With his vexed views on the subject of “tradition” Wynton Marsalis has become the epitome of the starchy jazz conservative that many would-be jazz liberals love to hate. Yet is there more to the trumpeter than grandiloquent pronouncements on the need to preserve a particular strand of the music’s history? From The Plantation To The Penitentiary, Marsalis’ new album, reminds us that he is also a fervent political commentator as well as a fine musician. 
In a frank interview with Kevin Le Gendre, he discusses his despair at the legacy of slavery and colonialism, his love of jazz as dance music and his fears for children growing up too fast in today’s exploitative society.

March 25 marks 200 years to the day that a Parliamentary Bill was passed to abolish the slave trade in the former British Empire. Amid the frightful figures on both the pain and the gain [approximately 17 million deaths, billions of pounds pumped into the British economy] occasioned by this heinous human trafficking, there is perhaps one statistic that stands out above all others. A liberal estimate of the number of victims of modern day slavery is 20 million.  
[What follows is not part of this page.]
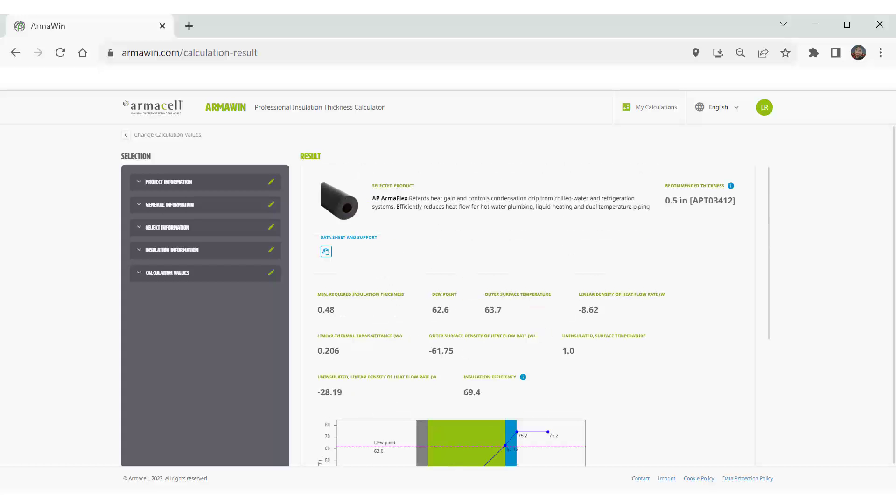And if you have any other questions or concerns about the calculations that you're running, of course, feel free to contact an ArmaCell representative. You can give us a call, you can visit our website, or you can shoot us an email at info at ArmaCell.com. Thank you very much and good luck calculating.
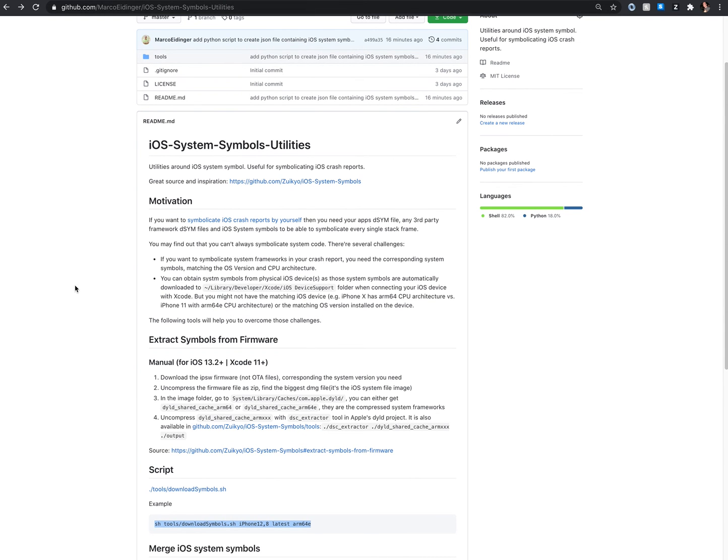So please check out this GitHub repository and leave a comment if that was helpful. Thanks and good luck!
The past, it would appear, is not over. Moreover the ongoing effects of the original “respectable” trade and its sly business cousin colonialism have been uppermost in the mind of socio-political commentators for many years. The thread between what happened to African slaves then and what is happening to their Diaspora descendants now is crucial.

From The Plantation To The Penitentiary, the new album by trumpeter Wynton Marsalis, explores this continuum, offering a forthright opinion on the alarming state of African-American, American and western society. Interestingly the new project wasn’t initiated by anniversaries or specific historical hooks. “A lot of the views on this record are things that I’ve expressed in interviews for many years, iterating them in different ways,” Marsalis says on the phone from New York. “The plantation to the penitentiary is a concept that I started to use when I would talk with friends of mine and we would talk about the problems of slavery and how it continues to haunt us today.”
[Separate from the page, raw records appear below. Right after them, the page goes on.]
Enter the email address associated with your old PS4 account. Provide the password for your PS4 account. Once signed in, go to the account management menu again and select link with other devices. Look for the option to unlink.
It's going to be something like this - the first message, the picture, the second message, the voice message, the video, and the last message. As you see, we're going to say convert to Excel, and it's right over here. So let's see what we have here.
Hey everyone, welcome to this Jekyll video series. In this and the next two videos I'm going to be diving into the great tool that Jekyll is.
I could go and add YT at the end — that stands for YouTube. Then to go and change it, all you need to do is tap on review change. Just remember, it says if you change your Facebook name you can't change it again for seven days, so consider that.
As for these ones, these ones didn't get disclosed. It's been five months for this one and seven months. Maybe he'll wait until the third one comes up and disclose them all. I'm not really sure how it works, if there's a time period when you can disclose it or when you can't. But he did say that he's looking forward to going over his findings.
To fully understand where Marsalis is coming from one has to engage in some lateral thinking. “If you were 400 years old and you had been in slavery for the first 250 years and you were segregated for the next 100 years then you had 50 years in which you had to fight for everything that you got, you would have a very hard time.

“Given modern psychology, where somebody goes for counselling or something, counsellors always talk about your past and how you grew up. Man, those first 250 years you had were very, very rough.
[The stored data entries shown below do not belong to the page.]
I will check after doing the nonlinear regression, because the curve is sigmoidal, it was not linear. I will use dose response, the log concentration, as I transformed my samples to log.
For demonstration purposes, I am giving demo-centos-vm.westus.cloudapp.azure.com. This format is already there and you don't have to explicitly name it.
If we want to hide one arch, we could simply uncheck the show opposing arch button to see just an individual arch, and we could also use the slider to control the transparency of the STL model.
“When I say from the plantation to the penitentiary you had a large population that was forced to work and they were used as a stock the entire country made money off. And then we had a one hundred year dance back and forth trying to keep the people basically in a certain type of economic slavery, then the Civil Rights movement.

“And now we’re doing that same kind of dance again and people can go to jail from that same plantation population for having some herb or type of drugs where it’s ‘I’m liberating you from getting high…. by putting you in jail for 35 years’. It’s ridiculous.”

If penitentiary is synonymous with the misery of black America’s present and future (projections say one in three black boys born in 2007 faces a custodial sentence) then plantation embodies historical woe. Inextricably linked to the dehumanising symbols of the whip, the lash and the bossman, the plantation, that great field of blooded gold in the gallant south, signifies underclass as well as overspill of profit.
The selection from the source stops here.